ABOUT THIS EXERCISE: For every entry below, give it back exactly and leave out any image.

DATASET CONTENT:
--- START ---

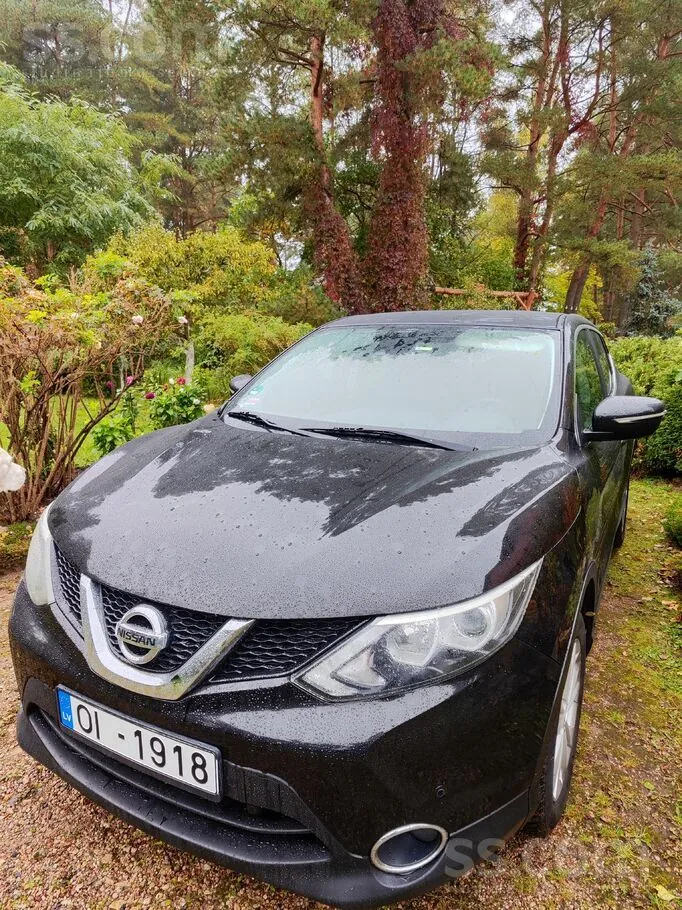 Nissan Qashqai 2014 photo 5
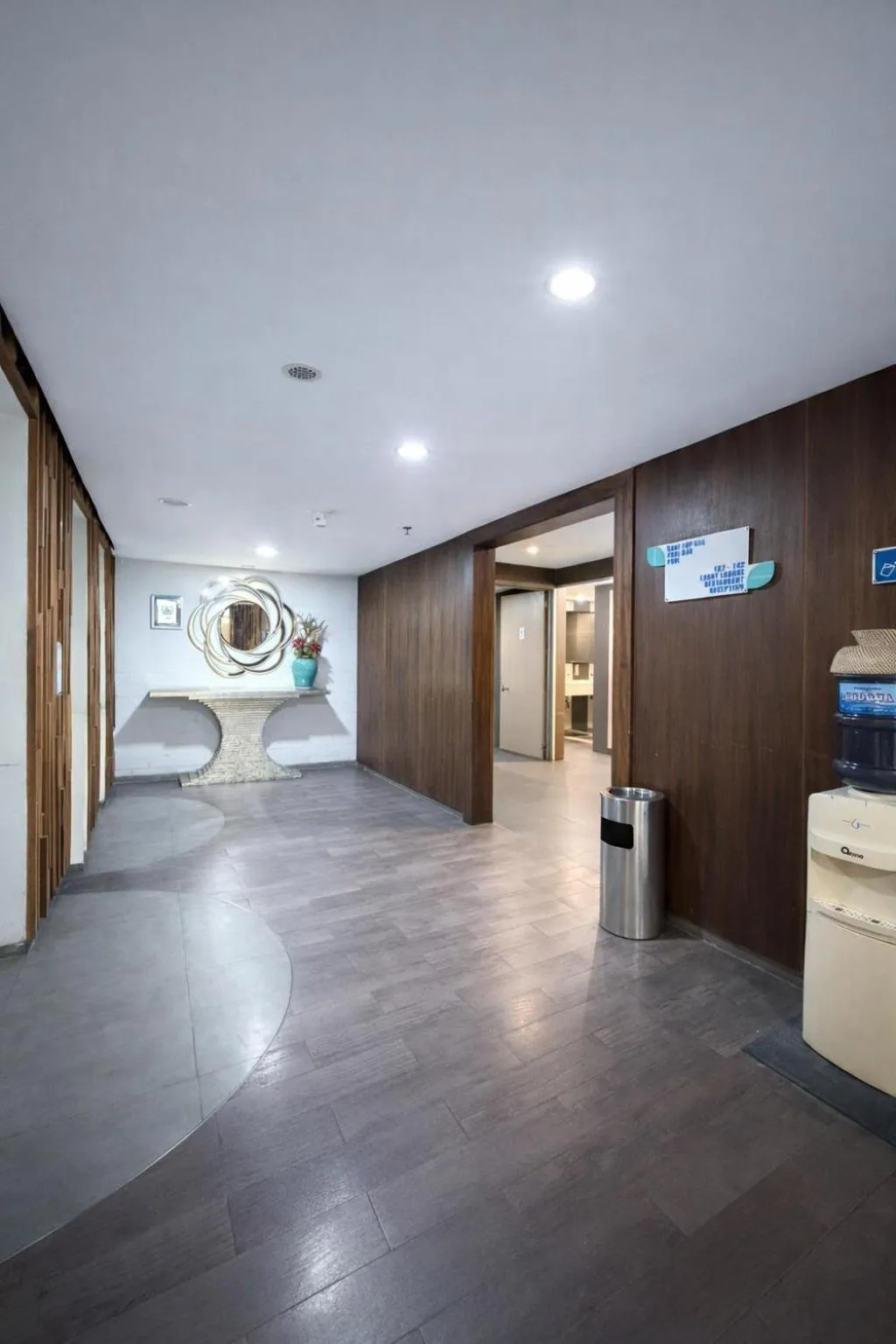 Area and facilities in Ion Bali Benoa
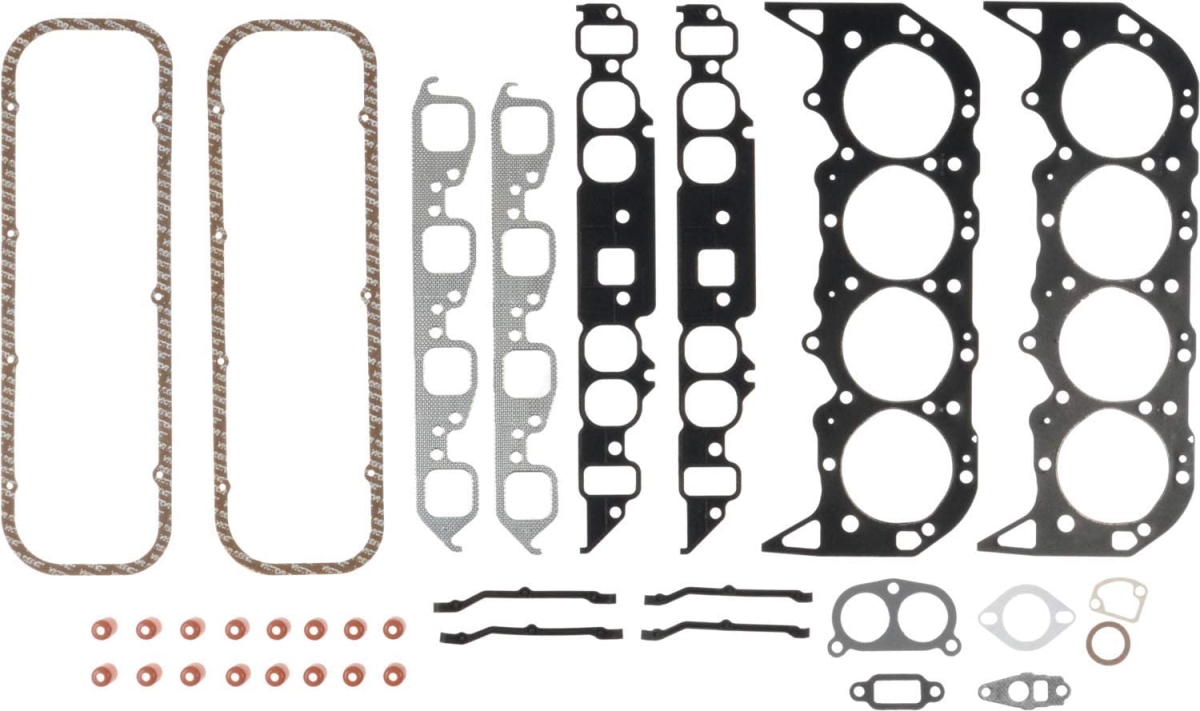 02-10362-01 Cylinder Head & Valve Cover Gaskets for 1985 Chevrolet B60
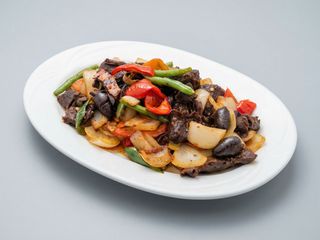 Inimi și pipote cu ardei iute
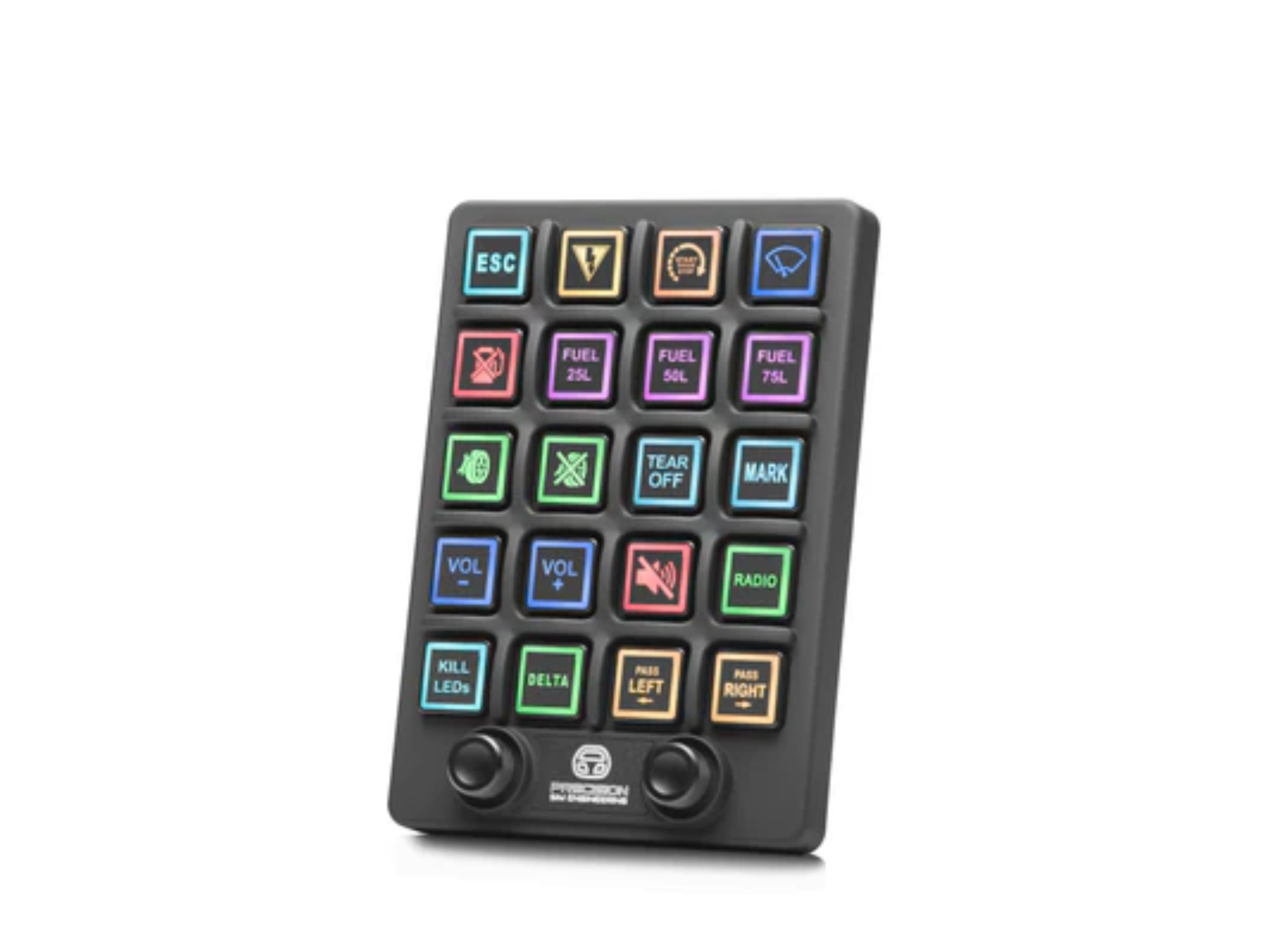 Precision Sim Engineering PSP (Pro Switch Panel)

--- END ---

OUTPUT OF THE EXERCISE:
 Nissan Qashqai 2014 photo 5
 Area and facilities in Ion Bali Benoa
 02-10362-01 Cylinder Head & Valve Cover Gaskets for 1985 Chevrolet B60
 Inimi și pipote cu ardei iute
 Precision Sim Engineering PSP (Pro Switch Panel)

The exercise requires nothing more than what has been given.